Corriere della Sera, 3 febbraio 2022
Nella casa degli orsi polari
Quella sull’isola di Kolyuchin, estrema propaggine siberiana con l’Alaska all’orizzonte, era una stazione meteorologica. Costruita dalla Russia sovietica nel distretto autonomo di Chukotka, chiusa nel 1992. Di là oggi ci arriva, infatti, un bollettino meteo della nostra epoca: gli orsi polari si rifugiano nelle casette del villaggio disabitato attorno alla stazione; barili di petrolio giacciono qua e là; non c’è un fiocco di neve. Così, affacciati a porte e finestre come in una versione apocalittica della fiaba di Ricciolidoro, gli orsi bianchi sono apparsi al fotografo amatoriale Dmitry Kokh «mesi fa, e non smetto di rivederli nei sogni».
Da molti anni, racconta Kokh al Corriere, «desideravo fotografare gli orsi polari. Sono stato a lungo un fotografo di animali ma solo per hobby. Di lavoro sono imprenditore informatico: ho novanta dipendenti. Ma poi la natura si è presa il suo spazio nella mia vita, sempre di più». Proprio come a Kolyuchin.
Agosto 2021, Kokh parte su un piccolo yacht per una spedizione verso nord programmata da più di due anni. L’obiettivo è fotografare, finalmente, gli orsi polari, «sfuggenti e misteriosi. Li avevo già incontrati, ma non avevo mai scattato buone foto. Era come se eludessero l’obiettivo». Lo yacht si dirige tutto a nordest, verso l’isola di Wrangel. Remota, inaccessibile agli umani, è ideale per le madri che partoriscono e allattano i piccoli. La spedizione costeggia la Russia artica per duemila chilometri, «un continente parallelo: il paesaggio cambiava continuamente, spiagge assolate e scogliere, abissi e tundra, centinaia di specie di uccelli, balene, orche, orsi bruni. Un mare pieno di vita». Il Mare di Chukchi, che fa parte dell’Oceano Artico, divide la Russia dall’Alaska. Il punto più a est della Russia e dell’intera terraferma asiatica, Capo Dezhnev, è il segno per Kokh e i suoi «che nel clima c’è qualcosa di strano. Iniziamo lì a incontrare blocchi di ghiaccio; non ce li aspettavamo che molto più a nord». Poi una tempesta, che costringe lo yacht ad avvicinarsi a Kolyuchin. Nemmeno lì è sicuro attraccare. Qualcuno estrae un binocolo e lo punta sull’isola.

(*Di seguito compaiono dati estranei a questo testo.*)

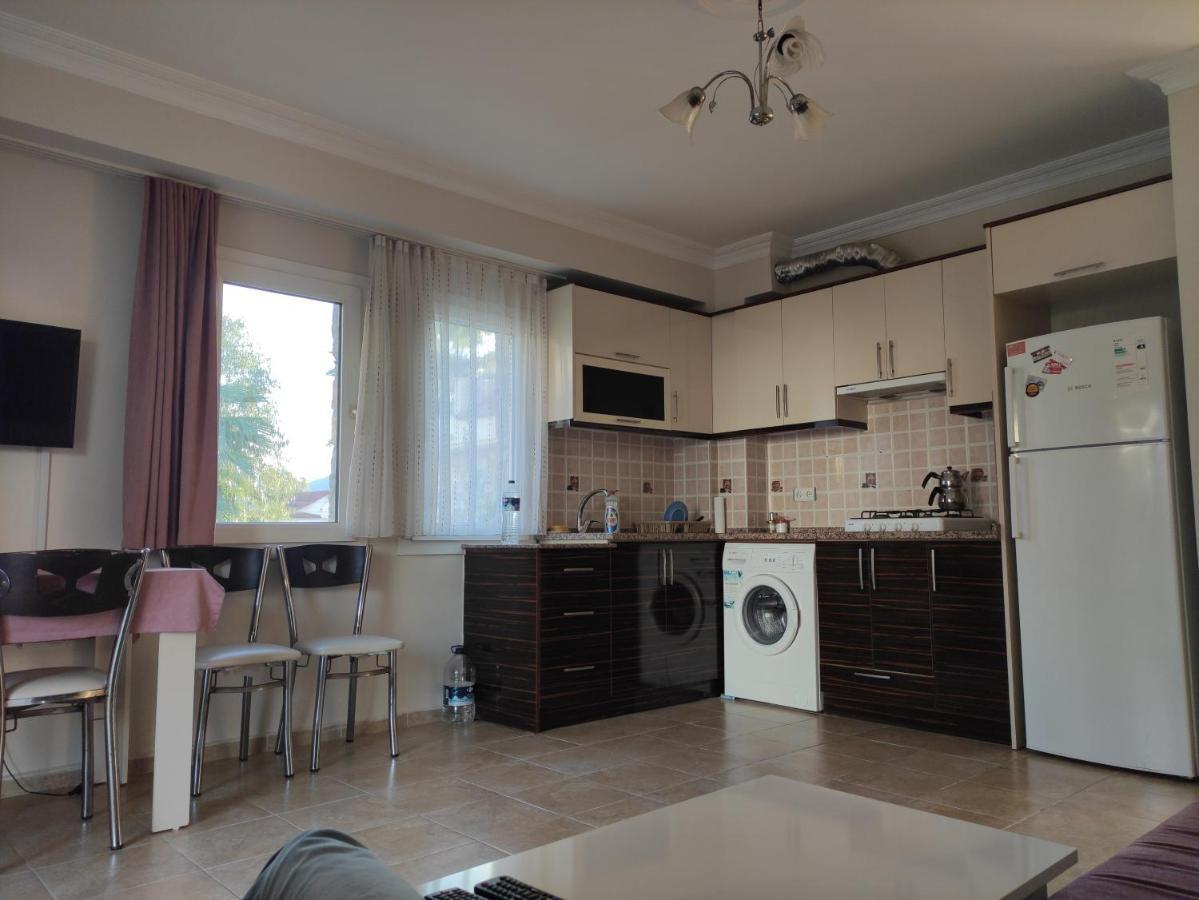 Apartment mit Poolblick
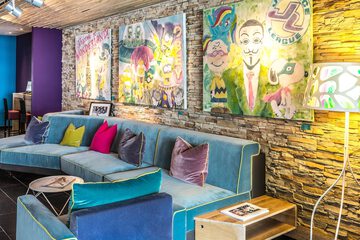 Lobby lounge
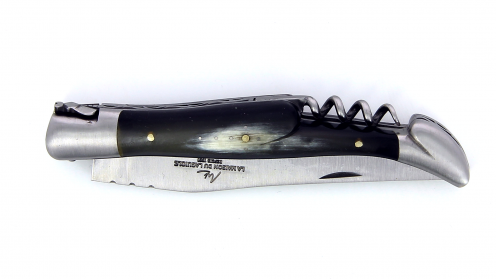 Couteau Laguiole pliant 12 cm, avec tire-Bouchon manche en Corne de vache Aubrac, mitres inox brossées.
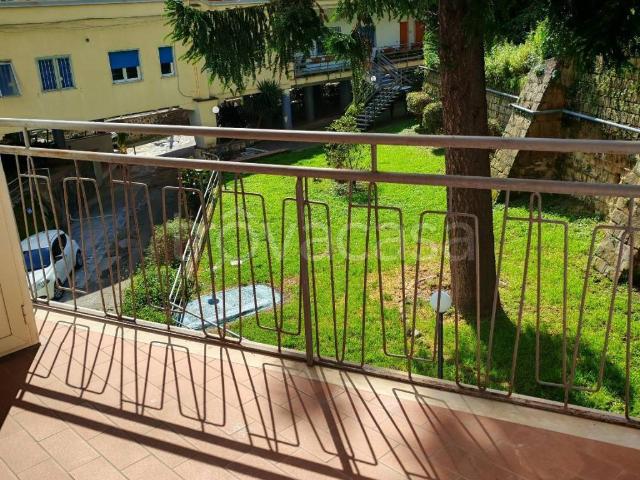 Appartamento in in affitto da privato a Napoli via Privata del Parco Comola Ricci, 1bis, da privato, riscaldamento autonomo, ristrutturato TrovaCasa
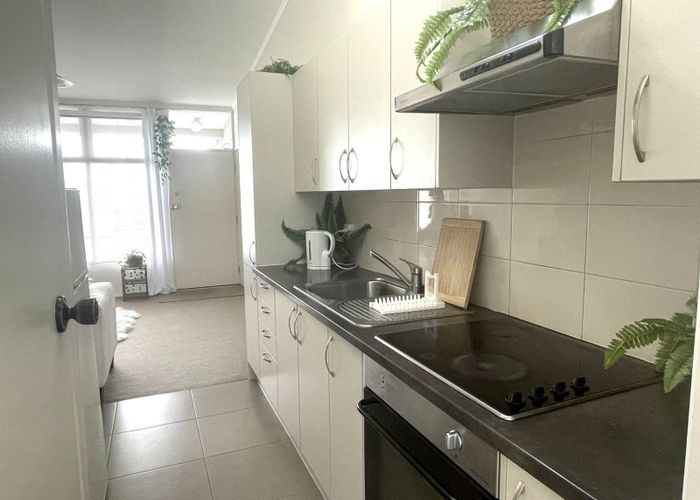  at 1/64 Gladstone Road, Parnell, Auckland City, Auckland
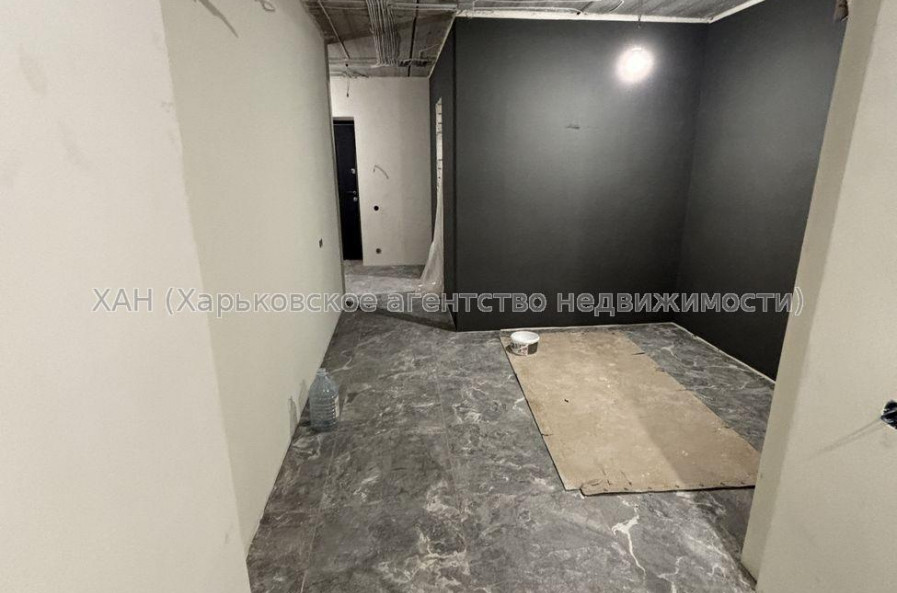 Продам квартиру, Куряжская ул. , 1 кім., 43 м², частичный ремонт 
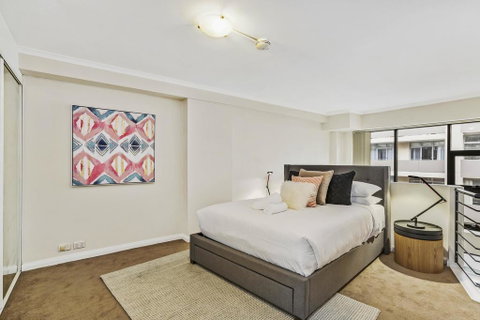 Light-filled Loft: Best Location In Sydney - Accommodation Brisbane 3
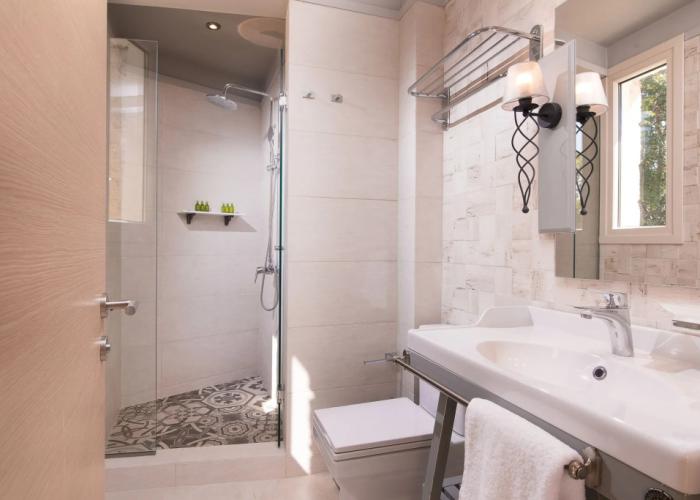 Neikos Luxury Suites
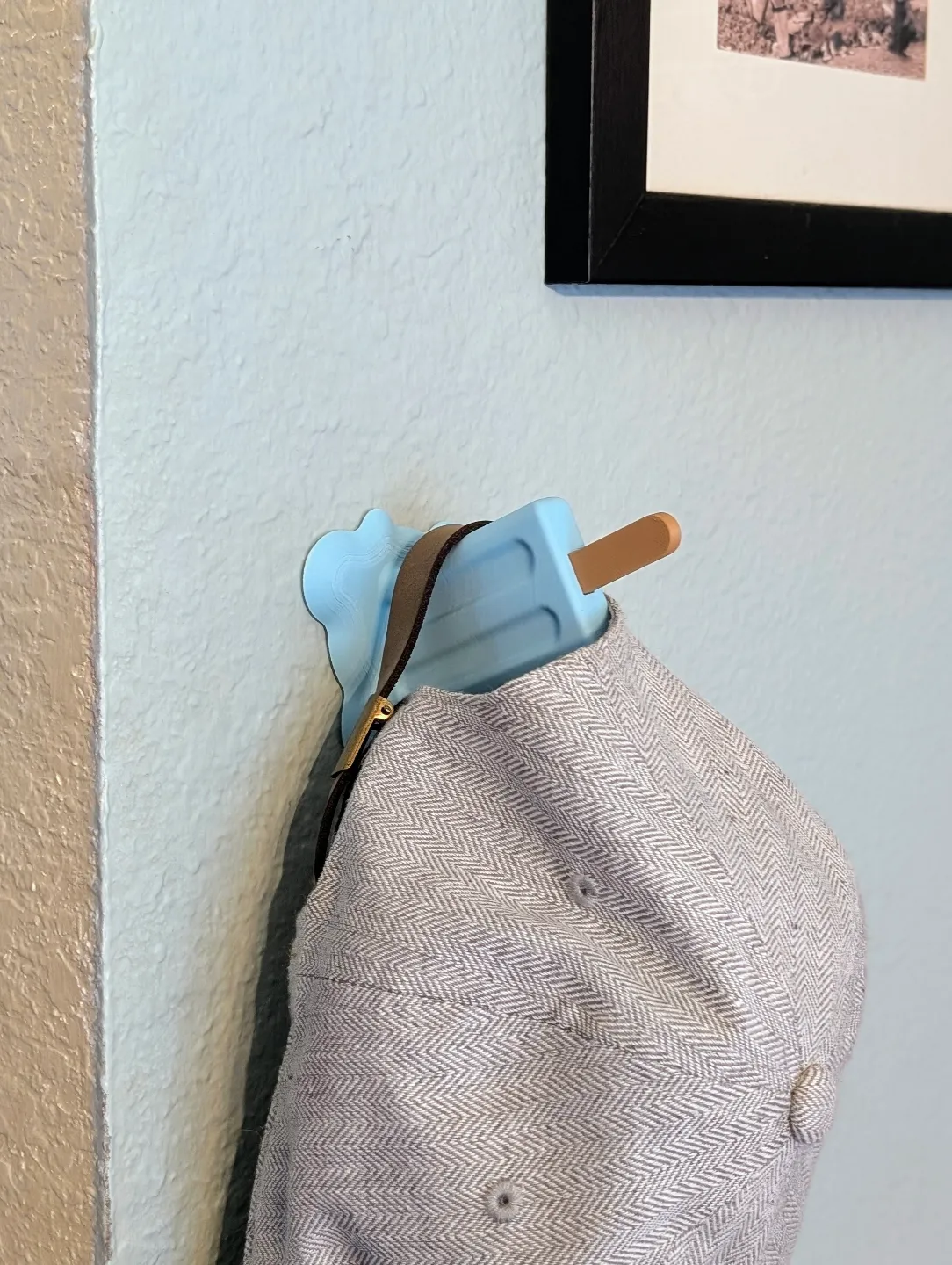 Melting Popsicle - Hanger view 3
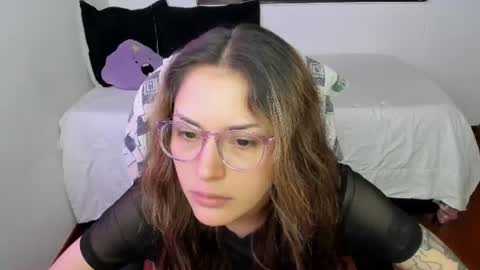 Snapshot of pixiedaemon chatting on 06.26.26 pixie online show from 06.26.26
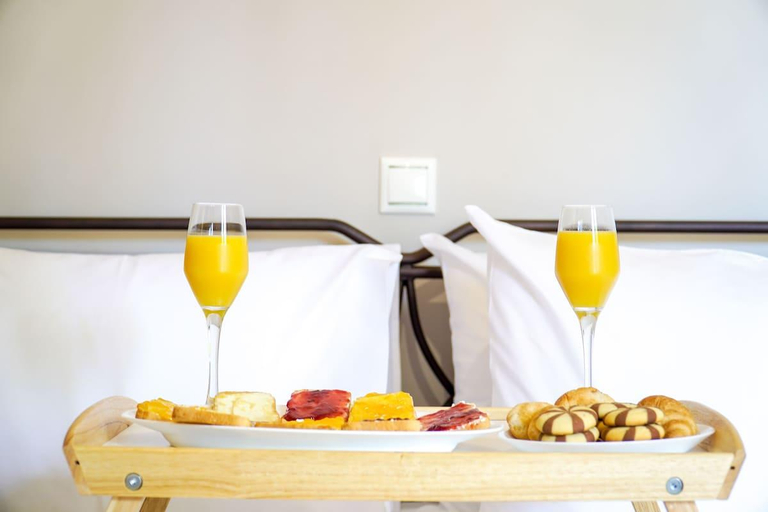 Food & Drinks 4, Cozy Artemis House Near Athens Airport, Attica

Ed ecco gli orsi. «Sono rimasti lì perché in alcune estati i blocchi di ghiaccio che usano come zattere, non si sa perché, rimangono vicini alla riva, e non galleggiano verso nord», spiega Kokh. «Ho filmato gli orsi con un drone poco rumoroso; ho usato qualche trucco che ha ridotto il ronzio, per non spaventarli».
Le foto restituiscono una vita da cartone animato: le madri coi cuccioli se ne tengono lontane, ma «gli orsi maschi e giovani esplorano continuamente le case, perché sono molto curiosi. Era come se si riprendessero il loro spazio, uno spazio che noi umani gli avevamo sottratto». E gli orsi che si «riprendono» le case disabitate sembrano una profezia: quando diciamo che il riscaldamento globale minaccia di far sparire la vita sul pianeta, intendiamo (soprattutto) la nostra.